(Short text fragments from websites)
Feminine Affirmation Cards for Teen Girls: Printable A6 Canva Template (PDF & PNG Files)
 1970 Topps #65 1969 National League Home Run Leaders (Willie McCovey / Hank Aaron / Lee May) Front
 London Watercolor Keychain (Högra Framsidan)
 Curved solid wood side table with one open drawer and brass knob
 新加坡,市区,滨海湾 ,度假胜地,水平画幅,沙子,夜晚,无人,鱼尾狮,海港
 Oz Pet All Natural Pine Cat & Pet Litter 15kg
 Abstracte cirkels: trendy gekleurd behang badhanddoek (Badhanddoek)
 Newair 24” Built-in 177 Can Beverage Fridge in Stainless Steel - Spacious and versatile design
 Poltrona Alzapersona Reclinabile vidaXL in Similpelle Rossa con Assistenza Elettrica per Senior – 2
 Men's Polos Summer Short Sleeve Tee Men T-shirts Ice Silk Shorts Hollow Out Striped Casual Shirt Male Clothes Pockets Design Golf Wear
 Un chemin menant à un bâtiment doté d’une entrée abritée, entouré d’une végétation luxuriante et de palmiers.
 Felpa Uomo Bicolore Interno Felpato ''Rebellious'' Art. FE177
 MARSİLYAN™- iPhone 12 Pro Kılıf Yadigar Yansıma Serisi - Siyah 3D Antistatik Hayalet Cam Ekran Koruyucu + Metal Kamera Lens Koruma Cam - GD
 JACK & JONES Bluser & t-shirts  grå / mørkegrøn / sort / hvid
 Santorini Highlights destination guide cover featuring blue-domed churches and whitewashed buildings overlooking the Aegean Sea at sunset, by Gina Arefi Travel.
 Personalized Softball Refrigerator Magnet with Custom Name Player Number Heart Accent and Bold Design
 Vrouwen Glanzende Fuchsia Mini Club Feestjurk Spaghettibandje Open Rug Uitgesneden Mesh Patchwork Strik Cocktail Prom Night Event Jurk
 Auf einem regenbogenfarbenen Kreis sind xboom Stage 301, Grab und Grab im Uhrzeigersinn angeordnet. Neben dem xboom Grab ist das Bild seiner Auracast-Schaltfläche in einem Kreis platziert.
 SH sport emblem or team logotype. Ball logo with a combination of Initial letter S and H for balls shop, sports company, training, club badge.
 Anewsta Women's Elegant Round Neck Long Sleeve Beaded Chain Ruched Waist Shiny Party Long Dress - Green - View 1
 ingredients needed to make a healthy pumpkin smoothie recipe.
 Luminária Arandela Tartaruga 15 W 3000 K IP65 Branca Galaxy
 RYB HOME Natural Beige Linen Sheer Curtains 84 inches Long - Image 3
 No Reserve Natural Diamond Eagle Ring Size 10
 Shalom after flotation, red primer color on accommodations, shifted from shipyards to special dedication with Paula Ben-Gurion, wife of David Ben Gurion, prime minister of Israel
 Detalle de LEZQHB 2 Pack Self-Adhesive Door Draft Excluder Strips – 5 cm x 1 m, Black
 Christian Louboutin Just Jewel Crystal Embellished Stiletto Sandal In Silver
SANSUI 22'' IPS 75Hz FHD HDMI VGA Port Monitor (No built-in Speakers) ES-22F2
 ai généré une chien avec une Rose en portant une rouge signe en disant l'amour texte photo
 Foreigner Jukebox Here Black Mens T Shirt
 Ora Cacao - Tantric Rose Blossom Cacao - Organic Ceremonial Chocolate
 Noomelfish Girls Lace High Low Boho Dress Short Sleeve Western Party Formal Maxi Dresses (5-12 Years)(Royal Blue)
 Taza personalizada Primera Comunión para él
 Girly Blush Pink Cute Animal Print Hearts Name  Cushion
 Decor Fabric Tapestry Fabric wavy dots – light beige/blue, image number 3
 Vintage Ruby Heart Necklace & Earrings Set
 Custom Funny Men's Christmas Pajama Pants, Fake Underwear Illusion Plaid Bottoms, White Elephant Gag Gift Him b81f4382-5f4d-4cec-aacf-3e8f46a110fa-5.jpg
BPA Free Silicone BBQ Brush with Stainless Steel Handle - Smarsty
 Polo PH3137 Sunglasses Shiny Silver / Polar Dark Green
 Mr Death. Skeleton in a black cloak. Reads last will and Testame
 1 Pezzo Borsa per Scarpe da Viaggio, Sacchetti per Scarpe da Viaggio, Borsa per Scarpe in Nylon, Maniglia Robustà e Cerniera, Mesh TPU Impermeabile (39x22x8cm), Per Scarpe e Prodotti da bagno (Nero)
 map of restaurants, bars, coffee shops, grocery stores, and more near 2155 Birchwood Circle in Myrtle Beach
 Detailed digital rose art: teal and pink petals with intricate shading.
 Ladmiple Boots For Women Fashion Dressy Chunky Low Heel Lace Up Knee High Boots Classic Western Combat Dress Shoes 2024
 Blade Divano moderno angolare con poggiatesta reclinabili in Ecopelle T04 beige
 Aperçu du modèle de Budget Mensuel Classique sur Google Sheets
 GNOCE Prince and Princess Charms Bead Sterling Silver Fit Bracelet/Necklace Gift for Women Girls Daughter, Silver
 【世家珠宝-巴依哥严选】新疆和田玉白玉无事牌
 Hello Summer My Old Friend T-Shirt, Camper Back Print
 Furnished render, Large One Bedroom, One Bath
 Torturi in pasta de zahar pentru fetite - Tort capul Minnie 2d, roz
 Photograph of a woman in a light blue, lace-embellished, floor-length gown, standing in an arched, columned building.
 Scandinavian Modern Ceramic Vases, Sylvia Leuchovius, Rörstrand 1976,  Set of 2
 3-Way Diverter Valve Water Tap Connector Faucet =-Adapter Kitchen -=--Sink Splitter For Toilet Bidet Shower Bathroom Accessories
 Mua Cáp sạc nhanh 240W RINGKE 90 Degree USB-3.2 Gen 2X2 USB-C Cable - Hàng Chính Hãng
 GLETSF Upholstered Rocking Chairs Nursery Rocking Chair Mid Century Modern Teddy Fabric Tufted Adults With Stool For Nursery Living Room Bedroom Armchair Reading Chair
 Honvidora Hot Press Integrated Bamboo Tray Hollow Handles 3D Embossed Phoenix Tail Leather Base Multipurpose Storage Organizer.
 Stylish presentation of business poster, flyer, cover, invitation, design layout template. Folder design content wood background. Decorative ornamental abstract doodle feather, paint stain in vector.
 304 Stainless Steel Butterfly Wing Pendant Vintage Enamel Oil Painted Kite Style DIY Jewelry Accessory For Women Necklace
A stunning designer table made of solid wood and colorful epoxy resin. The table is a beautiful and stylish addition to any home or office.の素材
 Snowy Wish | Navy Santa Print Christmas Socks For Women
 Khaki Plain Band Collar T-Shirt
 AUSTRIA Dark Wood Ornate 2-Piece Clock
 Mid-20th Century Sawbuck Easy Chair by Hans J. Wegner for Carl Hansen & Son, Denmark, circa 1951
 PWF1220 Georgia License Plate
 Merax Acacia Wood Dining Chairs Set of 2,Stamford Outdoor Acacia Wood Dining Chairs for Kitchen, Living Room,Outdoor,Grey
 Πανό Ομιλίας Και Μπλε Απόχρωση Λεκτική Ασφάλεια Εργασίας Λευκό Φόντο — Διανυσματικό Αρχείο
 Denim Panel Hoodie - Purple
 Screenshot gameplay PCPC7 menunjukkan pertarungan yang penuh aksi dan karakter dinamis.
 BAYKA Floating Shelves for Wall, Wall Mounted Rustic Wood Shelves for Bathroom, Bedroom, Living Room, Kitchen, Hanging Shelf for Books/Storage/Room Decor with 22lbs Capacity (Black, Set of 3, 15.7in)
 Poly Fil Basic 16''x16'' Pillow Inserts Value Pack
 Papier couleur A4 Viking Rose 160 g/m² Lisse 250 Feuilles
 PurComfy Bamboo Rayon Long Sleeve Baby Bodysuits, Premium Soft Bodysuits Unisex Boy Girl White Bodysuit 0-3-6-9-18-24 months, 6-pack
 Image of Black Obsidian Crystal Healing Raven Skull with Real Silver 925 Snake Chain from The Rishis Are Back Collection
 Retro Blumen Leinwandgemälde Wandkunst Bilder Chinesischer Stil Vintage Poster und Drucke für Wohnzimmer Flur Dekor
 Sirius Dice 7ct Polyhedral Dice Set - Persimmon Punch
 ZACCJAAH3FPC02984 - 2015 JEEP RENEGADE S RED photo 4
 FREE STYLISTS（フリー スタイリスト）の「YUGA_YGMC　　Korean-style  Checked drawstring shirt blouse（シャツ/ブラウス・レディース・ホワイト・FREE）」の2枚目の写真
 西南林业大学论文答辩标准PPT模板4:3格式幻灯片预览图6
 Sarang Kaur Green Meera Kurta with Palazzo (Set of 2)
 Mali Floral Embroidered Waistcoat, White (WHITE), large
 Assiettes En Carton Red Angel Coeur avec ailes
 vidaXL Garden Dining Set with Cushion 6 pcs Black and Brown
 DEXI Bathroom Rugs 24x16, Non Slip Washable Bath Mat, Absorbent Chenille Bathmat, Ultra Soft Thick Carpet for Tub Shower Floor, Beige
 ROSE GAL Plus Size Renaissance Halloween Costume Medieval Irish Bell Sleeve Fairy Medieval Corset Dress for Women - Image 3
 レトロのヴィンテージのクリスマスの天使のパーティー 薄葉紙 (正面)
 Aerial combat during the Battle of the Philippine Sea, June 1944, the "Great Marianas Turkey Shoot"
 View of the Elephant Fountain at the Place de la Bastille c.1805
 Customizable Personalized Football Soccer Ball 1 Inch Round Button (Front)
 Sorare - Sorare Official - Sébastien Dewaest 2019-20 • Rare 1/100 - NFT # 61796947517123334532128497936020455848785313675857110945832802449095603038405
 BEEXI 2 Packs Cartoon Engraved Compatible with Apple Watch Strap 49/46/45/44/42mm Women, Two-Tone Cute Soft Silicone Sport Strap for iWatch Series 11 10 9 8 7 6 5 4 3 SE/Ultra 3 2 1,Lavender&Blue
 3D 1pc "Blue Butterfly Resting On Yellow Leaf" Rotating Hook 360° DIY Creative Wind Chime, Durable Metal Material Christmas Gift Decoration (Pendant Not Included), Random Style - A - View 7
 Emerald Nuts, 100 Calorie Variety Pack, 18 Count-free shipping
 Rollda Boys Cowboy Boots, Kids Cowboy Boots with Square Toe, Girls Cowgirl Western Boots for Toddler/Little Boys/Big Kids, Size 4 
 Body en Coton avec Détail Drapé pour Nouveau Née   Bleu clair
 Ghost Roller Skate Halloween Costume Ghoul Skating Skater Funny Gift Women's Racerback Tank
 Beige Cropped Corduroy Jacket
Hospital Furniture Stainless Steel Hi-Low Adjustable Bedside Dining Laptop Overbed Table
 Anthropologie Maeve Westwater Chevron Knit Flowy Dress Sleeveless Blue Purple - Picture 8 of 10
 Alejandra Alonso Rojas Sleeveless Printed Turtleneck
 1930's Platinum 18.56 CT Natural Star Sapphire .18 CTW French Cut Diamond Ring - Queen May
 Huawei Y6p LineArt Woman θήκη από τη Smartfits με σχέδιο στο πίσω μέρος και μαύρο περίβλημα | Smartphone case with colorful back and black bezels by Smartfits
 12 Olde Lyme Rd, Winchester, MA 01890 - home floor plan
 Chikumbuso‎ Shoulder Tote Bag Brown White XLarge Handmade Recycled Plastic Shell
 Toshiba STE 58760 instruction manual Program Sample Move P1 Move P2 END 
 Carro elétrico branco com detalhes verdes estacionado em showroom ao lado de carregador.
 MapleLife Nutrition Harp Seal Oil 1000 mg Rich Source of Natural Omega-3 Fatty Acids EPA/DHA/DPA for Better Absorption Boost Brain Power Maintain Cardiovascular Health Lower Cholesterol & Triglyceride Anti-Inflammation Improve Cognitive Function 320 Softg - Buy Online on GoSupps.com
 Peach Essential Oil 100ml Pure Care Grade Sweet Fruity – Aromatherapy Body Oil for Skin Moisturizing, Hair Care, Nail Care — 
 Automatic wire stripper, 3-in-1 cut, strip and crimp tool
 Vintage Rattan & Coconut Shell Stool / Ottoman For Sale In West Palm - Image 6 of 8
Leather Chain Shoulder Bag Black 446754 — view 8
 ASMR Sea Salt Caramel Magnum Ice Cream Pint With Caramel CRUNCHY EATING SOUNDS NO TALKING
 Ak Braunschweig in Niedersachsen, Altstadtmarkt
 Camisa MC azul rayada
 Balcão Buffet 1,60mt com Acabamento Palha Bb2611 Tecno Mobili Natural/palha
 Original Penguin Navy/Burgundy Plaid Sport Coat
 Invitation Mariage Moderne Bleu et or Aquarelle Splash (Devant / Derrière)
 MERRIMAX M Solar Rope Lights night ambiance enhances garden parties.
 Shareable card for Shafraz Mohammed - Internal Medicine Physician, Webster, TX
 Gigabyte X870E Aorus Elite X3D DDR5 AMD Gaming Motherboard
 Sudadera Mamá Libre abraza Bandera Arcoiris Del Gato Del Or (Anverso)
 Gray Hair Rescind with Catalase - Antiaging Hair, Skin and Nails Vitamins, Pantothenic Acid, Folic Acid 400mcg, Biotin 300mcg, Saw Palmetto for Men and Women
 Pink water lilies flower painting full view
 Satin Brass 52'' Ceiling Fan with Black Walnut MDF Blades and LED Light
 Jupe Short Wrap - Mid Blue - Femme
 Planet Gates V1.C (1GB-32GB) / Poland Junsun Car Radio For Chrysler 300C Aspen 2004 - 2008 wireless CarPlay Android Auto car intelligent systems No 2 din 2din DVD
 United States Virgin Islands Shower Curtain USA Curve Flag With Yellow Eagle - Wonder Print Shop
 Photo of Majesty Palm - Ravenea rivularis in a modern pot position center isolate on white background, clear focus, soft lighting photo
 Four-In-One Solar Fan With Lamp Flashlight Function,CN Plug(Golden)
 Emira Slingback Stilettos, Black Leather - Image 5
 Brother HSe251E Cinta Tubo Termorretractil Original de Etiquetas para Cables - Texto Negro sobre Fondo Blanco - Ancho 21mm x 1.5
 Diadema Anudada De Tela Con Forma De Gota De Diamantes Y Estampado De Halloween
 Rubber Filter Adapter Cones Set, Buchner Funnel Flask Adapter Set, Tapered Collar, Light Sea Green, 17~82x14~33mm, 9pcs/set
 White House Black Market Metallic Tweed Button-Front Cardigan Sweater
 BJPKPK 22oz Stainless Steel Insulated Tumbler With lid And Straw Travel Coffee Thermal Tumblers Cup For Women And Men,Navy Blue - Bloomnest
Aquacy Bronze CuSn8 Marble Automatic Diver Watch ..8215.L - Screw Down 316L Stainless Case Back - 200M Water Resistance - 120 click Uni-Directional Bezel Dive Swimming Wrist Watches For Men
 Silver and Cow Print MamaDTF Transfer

▶ [Directions]
Return a word-for-word copy of the lines above from the one holding "Auf einem regenbogenfarbenen" through the one holding "RYB HOME Natural", with both of them included and nothing besides.

▶ [Reply]
 Auf einem regenbogenfarbenen Kreis sind xboom Stage 301, Grab und Grab im Uhrzeigersinn angeordnet. Neben dem xboom Grab ist das Bild seiner Auracast-Schaltfläche in einem Kreis platziert.
 SH sport emblem or team logotype. Ball logo with a combination of Initial letter S and H for balls shop, sports company, training, club badge.
 Anewsta Women's Elegant Round Neck Long Sleeve Beaded Chain Ruched Waist Shiny Party Long Dress - Green - View 1
 ingredients needed to make a healthy pumpkin smoothie recipe.
 Luminária Arandela Tartaruga 15 W 3000 K IP65 Branca Galaxy
 RYB HOME Natural Beige Linen Sheer Curtains 84 inches Long - Image 3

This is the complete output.